EXERCISE BRIEF: In the entries that follow, the line with "Hinkley Becca Medium" opens the range and the line with "Just Rhyse T-Shirt Kizil rouge" closes it; repeat that range exactly, both lines included.
** Opening DATA IN THIS EXERCISE block **
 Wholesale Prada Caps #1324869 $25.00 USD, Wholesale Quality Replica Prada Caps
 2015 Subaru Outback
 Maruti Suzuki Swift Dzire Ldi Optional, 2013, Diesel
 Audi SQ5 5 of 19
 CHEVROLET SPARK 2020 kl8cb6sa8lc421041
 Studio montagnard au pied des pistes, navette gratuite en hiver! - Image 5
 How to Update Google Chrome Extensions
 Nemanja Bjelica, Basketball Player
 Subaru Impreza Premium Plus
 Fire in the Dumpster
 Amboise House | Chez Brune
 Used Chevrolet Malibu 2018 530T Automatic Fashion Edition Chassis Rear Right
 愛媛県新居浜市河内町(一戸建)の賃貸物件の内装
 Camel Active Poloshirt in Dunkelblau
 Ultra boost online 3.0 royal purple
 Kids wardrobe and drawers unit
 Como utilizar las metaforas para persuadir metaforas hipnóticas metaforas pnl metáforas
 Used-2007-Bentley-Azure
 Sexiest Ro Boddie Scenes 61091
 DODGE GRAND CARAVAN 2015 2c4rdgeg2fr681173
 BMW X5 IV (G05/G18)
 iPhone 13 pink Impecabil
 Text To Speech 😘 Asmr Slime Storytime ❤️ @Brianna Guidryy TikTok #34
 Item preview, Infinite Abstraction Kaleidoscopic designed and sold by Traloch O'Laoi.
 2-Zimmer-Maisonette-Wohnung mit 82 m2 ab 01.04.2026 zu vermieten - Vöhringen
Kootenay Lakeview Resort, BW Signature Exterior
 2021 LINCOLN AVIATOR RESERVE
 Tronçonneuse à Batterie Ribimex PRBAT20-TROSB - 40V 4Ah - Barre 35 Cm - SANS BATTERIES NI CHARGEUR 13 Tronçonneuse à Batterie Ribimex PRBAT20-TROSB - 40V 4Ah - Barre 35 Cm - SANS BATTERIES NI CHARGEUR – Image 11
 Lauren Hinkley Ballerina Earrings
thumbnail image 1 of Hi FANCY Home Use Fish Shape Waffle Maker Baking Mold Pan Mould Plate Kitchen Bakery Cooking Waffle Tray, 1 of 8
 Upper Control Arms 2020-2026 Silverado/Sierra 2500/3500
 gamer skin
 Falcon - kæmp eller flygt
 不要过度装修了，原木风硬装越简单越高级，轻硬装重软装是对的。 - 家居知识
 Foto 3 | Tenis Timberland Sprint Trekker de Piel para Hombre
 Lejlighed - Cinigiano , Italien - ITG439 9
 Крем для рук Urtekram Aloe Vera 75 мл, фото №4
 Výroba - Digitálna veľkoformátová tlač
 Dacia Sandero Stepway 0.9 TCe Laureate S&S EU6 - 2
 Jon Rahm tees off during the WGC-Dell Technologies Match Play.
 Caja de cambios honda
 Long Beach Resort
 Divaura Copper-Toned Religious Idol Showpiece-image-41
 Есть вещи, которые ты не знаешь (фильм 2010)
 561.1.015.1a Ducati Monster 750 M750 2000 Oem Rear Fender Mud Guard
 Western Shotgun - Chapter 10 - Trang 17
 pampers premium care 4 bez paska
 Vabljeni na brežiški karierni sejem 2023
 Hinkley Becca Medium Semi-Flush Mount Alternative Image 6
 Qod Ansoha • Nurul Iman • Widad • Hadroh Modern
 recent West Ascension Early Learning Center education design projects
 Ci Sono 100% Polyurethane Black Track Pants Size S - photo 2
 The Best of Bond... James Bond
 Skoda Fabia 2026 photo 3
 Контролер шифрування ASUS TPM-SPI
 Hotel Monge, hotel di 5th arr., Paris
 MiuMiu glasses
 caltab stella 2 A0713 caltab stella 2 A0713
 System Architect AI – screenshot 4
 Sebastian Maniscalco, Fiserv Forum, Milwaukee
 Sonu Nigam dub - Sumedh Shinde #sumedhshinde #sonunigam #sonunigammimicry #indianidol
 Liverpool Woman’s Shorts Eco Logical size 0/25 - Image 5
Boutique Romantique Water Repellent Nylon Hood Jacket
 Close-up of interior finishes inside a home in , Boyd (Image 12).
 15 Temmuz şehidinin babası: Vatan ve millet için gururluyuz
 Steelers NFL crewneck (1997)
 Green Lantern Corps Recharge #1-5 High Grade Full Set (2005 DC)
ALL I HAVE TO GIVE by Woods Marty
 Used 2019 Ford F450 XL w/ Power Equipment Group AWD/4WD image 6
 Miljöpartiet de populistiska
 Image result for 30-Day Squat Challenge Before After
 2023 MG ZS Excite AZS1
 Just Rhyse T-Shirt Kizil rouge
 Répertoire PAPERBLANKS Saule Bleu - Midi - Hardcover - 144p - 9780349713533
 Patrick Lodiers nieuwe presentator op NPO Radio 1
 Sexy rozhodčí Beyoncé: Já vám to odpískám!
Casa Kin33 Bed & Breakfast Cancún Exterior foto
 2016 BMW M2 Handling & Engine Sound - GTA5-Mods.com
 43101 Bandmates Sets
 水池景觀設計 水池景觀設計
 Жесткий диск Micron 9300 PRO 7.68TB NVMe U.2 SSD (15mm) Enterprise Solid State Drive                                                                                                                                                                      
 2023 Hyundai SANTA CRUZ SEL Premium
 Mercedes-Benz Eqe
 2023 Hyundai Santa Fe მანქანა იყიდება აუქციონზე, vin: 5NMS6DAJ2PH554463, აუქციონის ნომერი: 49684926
** Closing DATA IN THIS EXERCISE block **
REPLY:
 Hinkley Becca Medium Semi-Flush Mount Alternative Image 6
 Qod Ansoha • Nurul Iman • Widad • Hadroh Modern
 recent West Ascension Early Learning Center education design projects
 Ci Sono 100% Polyurethane Black Track Pants Size S - photo 2
 The Best of Bond... James Bond
 Skoda Fabia 2026 photo 3
 Контролер шифрування ASUS TPM-SPI
 Hotel Monge, hotel di 5th arr., Paris
 MiuMiu glasses
 caltab stella 2 A0713 caltab stella 2 A0713
 System Architect AI – screenshot 4
 Sebastian Maniscalco, Fiserv Forum, Milwaukee
 Sonu Nigam dub - Sumedh Shinde #sumedhshinde #sonunigam #sonunigammimicry #indianidol
 Liverpool Woman’s Shorts Eco Logical size 0/25 - Image 5
Boutique Romantique Water Repellent Nylon Hood Jacket
 Close-up of interior finishes inside a home in , Boyd (Image 12).
 15 Temmuz şehidinin babası: Vatan ve millet için gururluyuz
 Steelers NFL crewneck (1997)
 Green Lantern Corps Recharge #1-5 High Grade Full Set (2005 DC)
ALL I HAVE TO GIVE by Woods Marty
 Used 2019 Ford F450 XL w/ Power Equipment Group AWD/4WD image 6
 Miljöpartiet de populistiska
 Image result for 30-Day Squat Challenge Before After
 2023 MG ZS Excite AZS1
 Just Rhyse T-Shirt Kizil rouge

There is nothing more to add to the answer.